### [WHAT TO DO]
Return the material below exactly, but only from the line with "Chieftec CT-01B-350GPB unité" through the line with "Houses for rent Somphot", and without its pictures.

### [SUPPLIED DATA]
^^^^^^^^
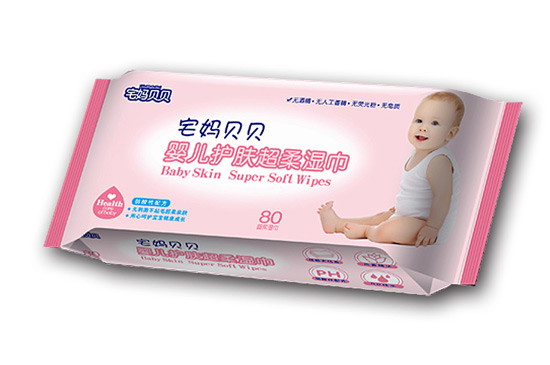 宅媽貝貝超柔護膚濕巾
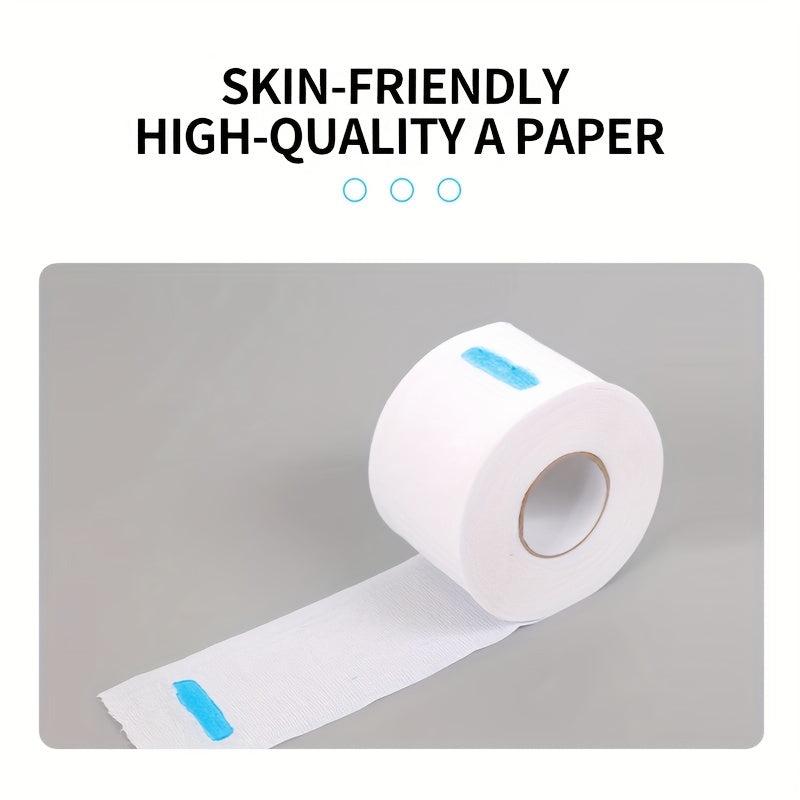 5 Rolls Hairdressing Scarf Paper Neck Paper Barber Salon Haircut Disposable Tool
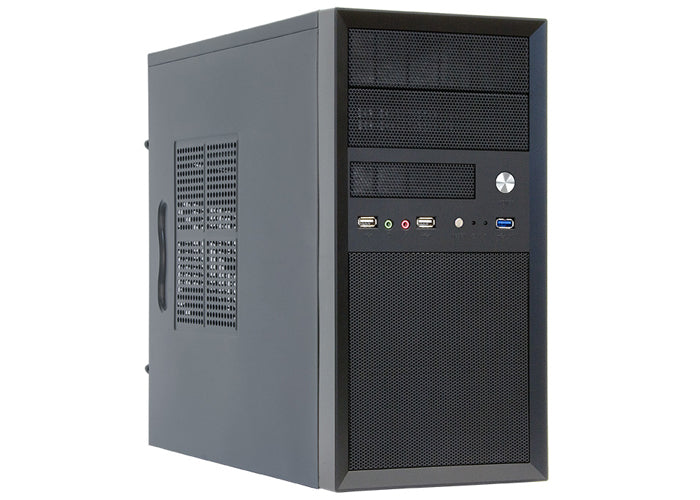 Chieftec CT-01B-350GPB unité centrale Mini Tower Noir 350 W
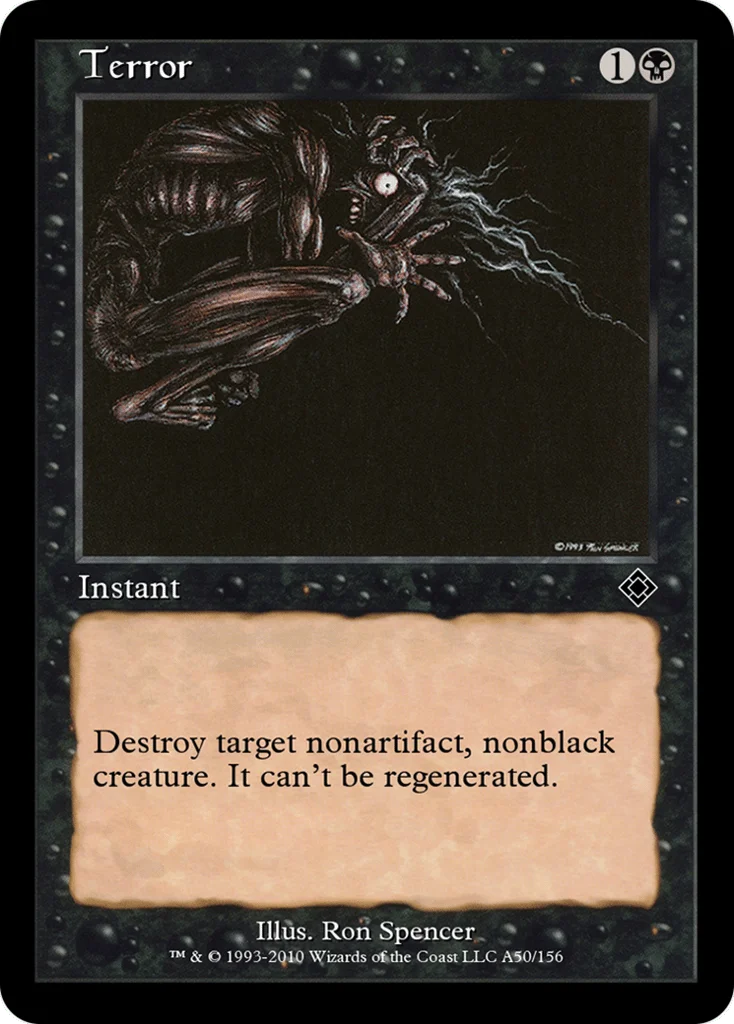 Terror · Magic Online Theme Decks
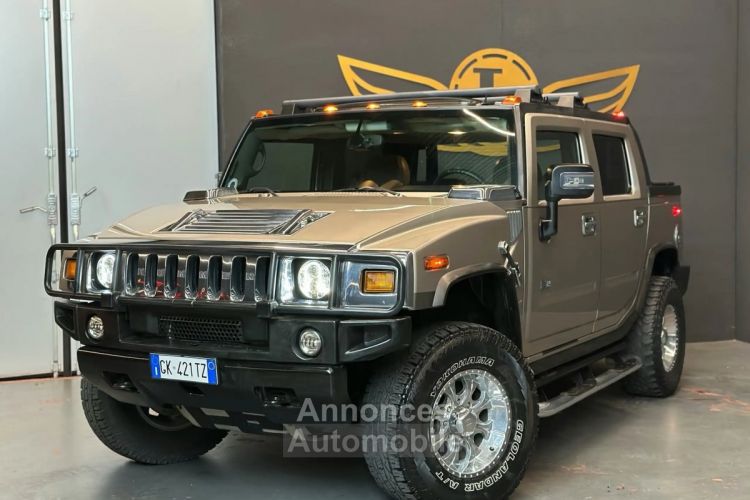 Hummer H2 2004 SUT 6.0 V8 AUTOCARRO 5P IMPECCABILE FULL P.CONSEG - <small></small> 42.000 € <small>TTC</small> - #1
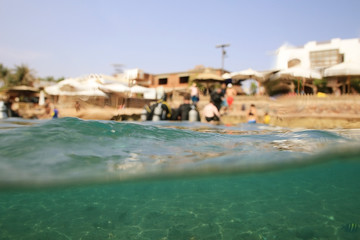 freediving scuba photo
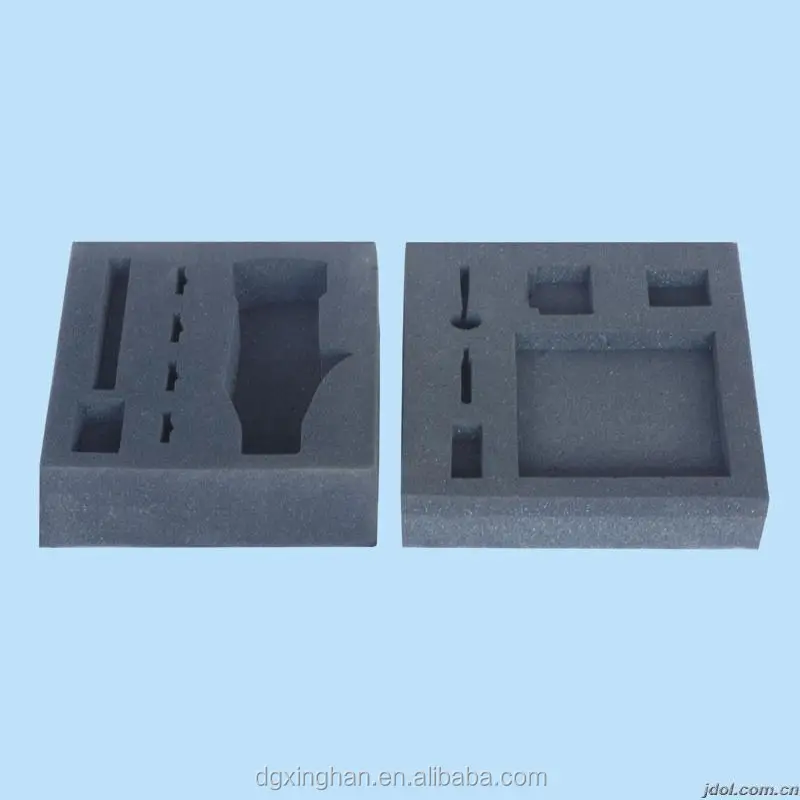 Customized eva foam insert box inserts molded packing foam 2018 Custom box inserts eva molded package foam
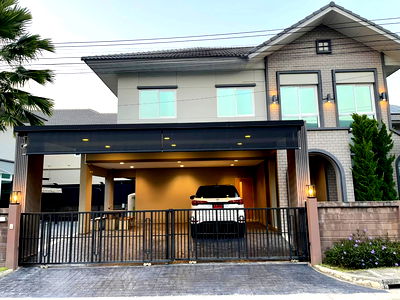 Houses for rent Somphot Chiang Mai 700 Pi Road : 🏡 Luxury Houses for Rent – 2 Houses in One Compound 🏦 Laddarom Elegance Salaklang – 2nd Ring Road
^^^^^^^^
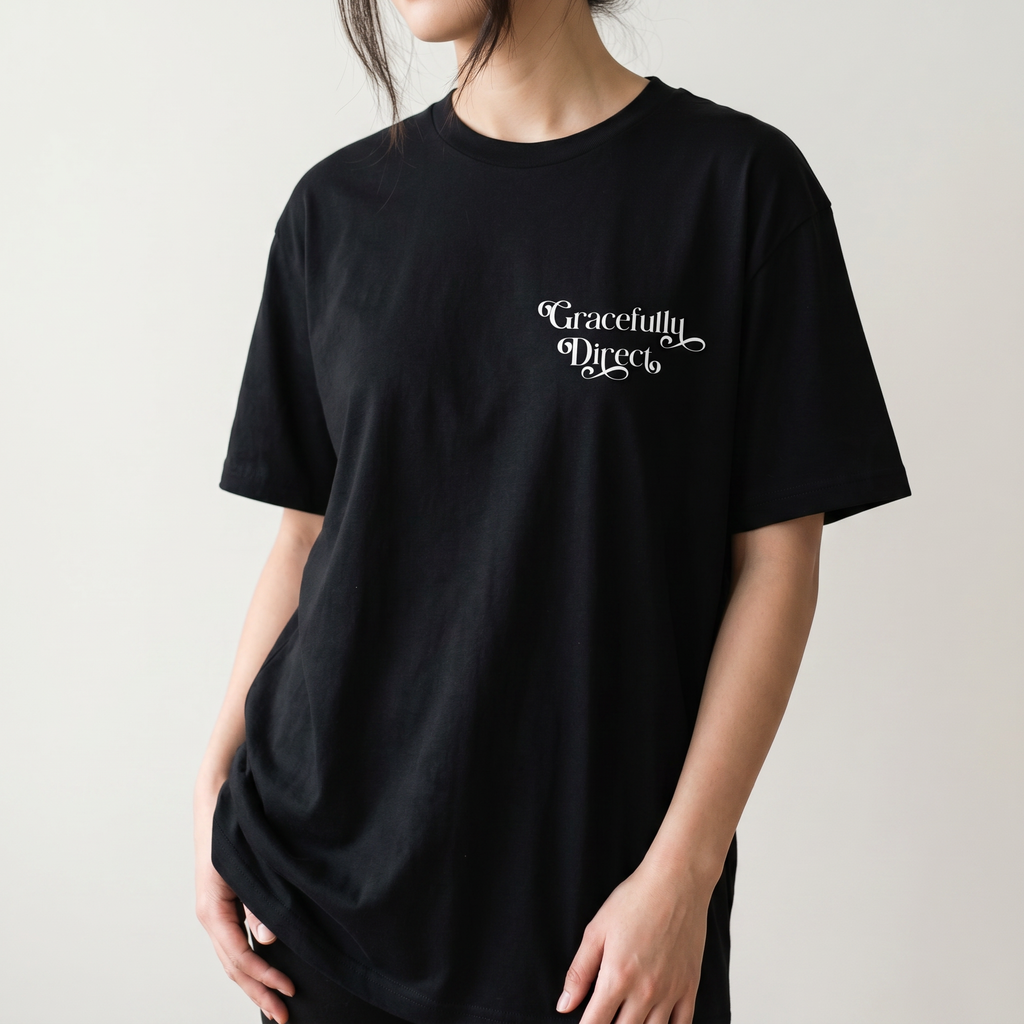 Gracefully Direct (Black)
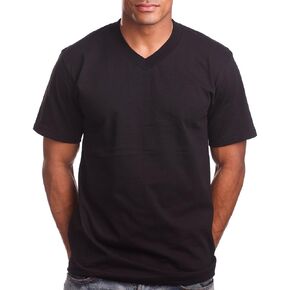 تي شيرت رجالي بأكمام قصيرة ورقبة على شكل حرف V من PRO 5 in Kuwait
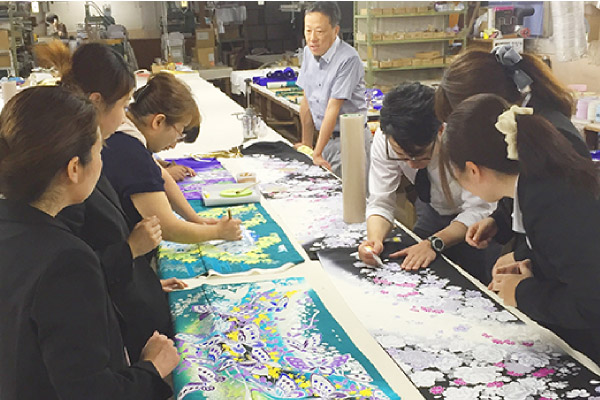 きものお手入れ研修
^^^^^^^^
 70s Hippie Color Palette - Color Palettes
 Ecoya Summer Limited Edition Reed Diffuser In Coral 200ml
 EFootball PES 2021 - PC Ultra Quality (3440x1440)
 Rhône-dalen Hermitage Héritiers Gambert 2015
^^^^^^^^
### [RESPONSE TO THIS EXERCISE]
 Chieftec CT-01B-350GPB unité centrale Mini Tower Noir 350 W
 Terror · Magic Online Theme Decks
 Hummer H2 2004 SUT 6.0 V8 AUTOCARRO 5P IMPECCABILE FULL P.CONSEG - <small></small> 42.000 € <small>TTC</small> - #1
 freediving scuba photo
 Customized eva foam insert box inserts molded packing foam 2018 Custom box inserts eva molded package foam
 Houses for rent Somphot Chiang Mai 700 Pi Road : 🏡 Luxury Houses for Rent – 2 Houses in One Compound 🏦 Laddarom Elegance Salaklang – 2nd Ring Road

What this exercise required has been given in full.